No comparto, del todo, la apreciación de Klee; la abstracción no es un fenómeno necesariamente ligado directamente al horror que comenzaba a despertar la época, pese a que los movimientos de vanguardia durante el siglo xx así lo estuvieron, sino a la crisis de un sistema de formas incapaz, impotente, ante los acontecimientos; la crisis del arte como institución y la crisis del proyecto ilustrado. Lo relevante del caso es esta mirada postilustrada que trata de desmentir ese carácter lineal y progresivo de nuestra conciencia o de nuestras relaciones simbólicas: aquello que caracteriza a las vanguardias no fue un hecho excepcional, sino un hecho, el fracaso, la pérdida de dignidad de aquello que un día fue digno y naturalizado, que se ha repetido a lo largo de nuestra historia innumerables veces y que, necesariamente, tuvimos que olvidar, para dar por naturalizado, para poder creer los nuevos sistemas de formas resultantes con los que tratamos de sobrellevar ese temor atávico de sabernos náufragos en un mundo perdido y al que nunca podremos retornar.


Quizá, aquellos hombres que dejaron de re-presentar de una manera naturalista aquellos elementos de la naturaleza e hicieron devenir sus trazos en representaciones imposibles, sencillamente, estaban firmando el acta de defunción de una relación previa de tú a tú con la naturaleza, para dar paso a aquella relación mágica-divinizada de la que ha partido nuestra cultura y con cuya crisis ha quedado clausurada.


Quizá los únicos primitivos hemos sido nosotros durante más de 10.000 años y ahora retornamos, como en una macabra espiral, a nuestra humanidad perdida.


Quienes conocen y han estudiado la obra de Paul Klee, no dejan de insistir en que su producción artística, a partir de la ascensión del nazismo y su enfermedad, también influenciado por la pintura africana y egipcia, devino, desde la esquematización de la que partía, en ideogramas.

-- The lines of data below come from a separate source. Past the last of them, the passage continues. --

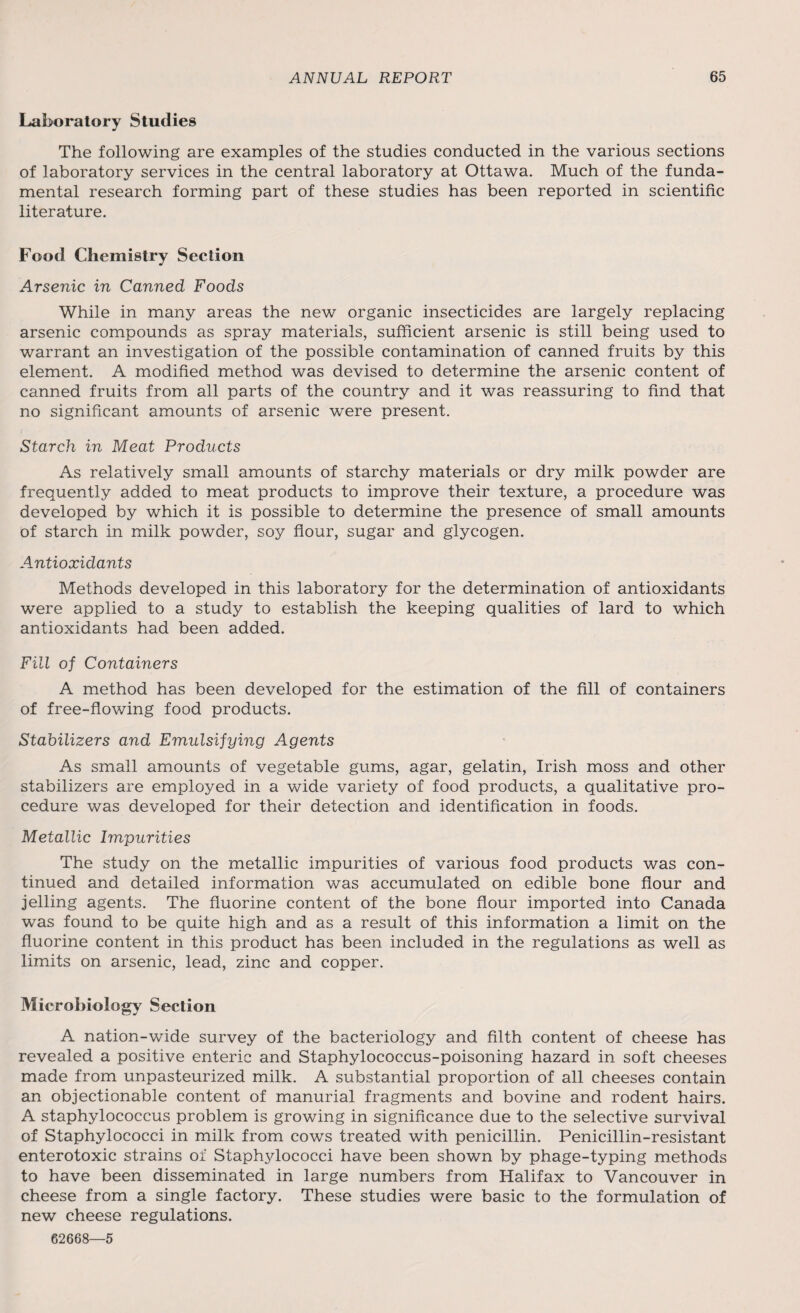 Laboratory Studies The following are examples of the studies conducted in the various sections of laboratory services in the central laboratory at Ottawa. Much of the funda¬ mental research forming part of these studies has been reported in scientific literature. Food Chemistry Section Arsenic in Canned Foods While in many areas the new organic insecticides are largely replacing arsenic compounds as spray materials, sufficient arsenic is still being used to warrant an investigation of the possible contamination of canned fruits by this element. A modified method was devised to determine the arsenic content of canned fruits from all parts of the country and it was reassuring to find that no significant amounts of arsenic were present. Starch in Meat Products As relatively small amounts of starchy materials or dry milk powder are frequently added to meat products to improve their texture, a procedure was developed by which it is possible to determine the presence of small amounts of starch in milk powder, soy flour, sugar and glycogen. Antioxidants Methods developed in this laboratory for the determination of antioxidants were applied to a study to establish the keeping qualities of lard to which antioxidants had been added. Fill of Containers A method has been developed for the estimation of the fill of containers of free-flowing food products. Stabilizers and Emulsifying Agents As small amounts of vegetable gums, agar, gelatin, Irish moss and other stabilizers are employed in a wide variety of food products, a qualitative pro¬ cedure was developed for their detection and identification in foods. Metallic Impurities The study on the metallic impurities of various food products was con¬ tinued and detailed information was accumulated on edible bone flour and jelling agents. The fluorine content of the bone flour imported into Canada was found to be quite high and as a result of this information a limit on the fluorine content in this product has been included in the regulations as well as limits on arsenic, lead, zinc and copper. Microbiology Section A nation-wide survey of the bacteriology and filth content of cheese has revealed a positive enteric and Staphylococcus-poisoning hazard in soft cheeses made from unpasteurized milk. A substantial proportion of all cheeses contain an objectionable content of manurial fragments and bovine and rodent hairs. A staphylococcus problem is growing in significance due to the selective survival of Staphylococci in milk from cows treated with penicillin. Penicillin-resistant enterotoxic strains of Staphjdococci have been shown by phage-typing methods to have been disseminated in large numbers from Halifax to Vancouver in cheese from a single factory. These studies were basic to the formulation of new cheese regulations. 62668—5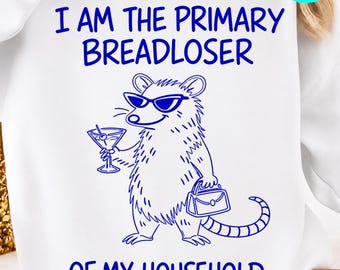I Am The Primary Breadloser of My Household PNG: Funny Possum Meme, Sarcastic Quote png, Viral Humor Clipart (Digital Download)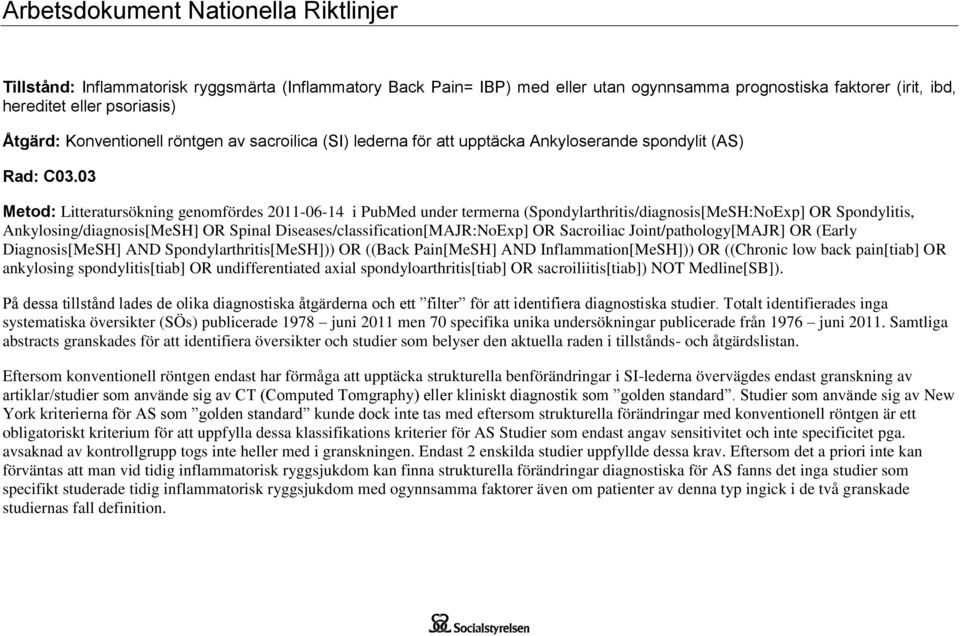 03 Metod: Litteratursökning genomfördes 2011-06-14 i PubMed under termerna (Spondylarthritis/diagnosis[MeSH:NoExp] OR Spondylitis, Ankylosing/diagnosis[MeSH] OR Spinal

Su último cuadro, Muerte y Fuego, es interpretado como tal y a su carácter expresivo-formal habría que añadir una palabra en clave, oculta: Tod (“muerto”).


No tengo claro que así sea; tampoco me extrañaría que su obra terminara conformando ideogramas como los que presumimos podrían ser algunas pinturas rupestres, con la suerte, en este caso, de que, esta vez, sí conocemos el código lingüístico para su interpretación. Sólo una observación a todo esto, tengo la intuición de que más allá de sus intenciones expresivas (me refiero tanto a las pinturas rupestres como a los últimos cuadros de Klee) o su deriva gráfica, me temo que, con estos signos, tanto Klee como los moradores de aquellas cavernas, más que expresar la muerte o el fin de aquello que nunca podrá volver a ser como fue, es la muerte, entendida como crisis o defunción de lo que necesariamente tiene que ser de otra manera, la que se expresa través estos trazados.


Nunca podremos ser aquellos sujetos de la historia que nos prometieron; en todo caso, no hay más, estamos “sujetos” al devenir de la historia, a su contingencia, a ese carácter imprevisible que hace que, de tiempo en tiempo, todo salte por los aires y unos cuantos valientes, como lo fue Klee, asuman la tarea de volver a empezar reconstruyendo el mundo con los materiales de desecho de una geografía en ruinas y devastada.


Doncs això, habrá que pedir la vez (¿no?).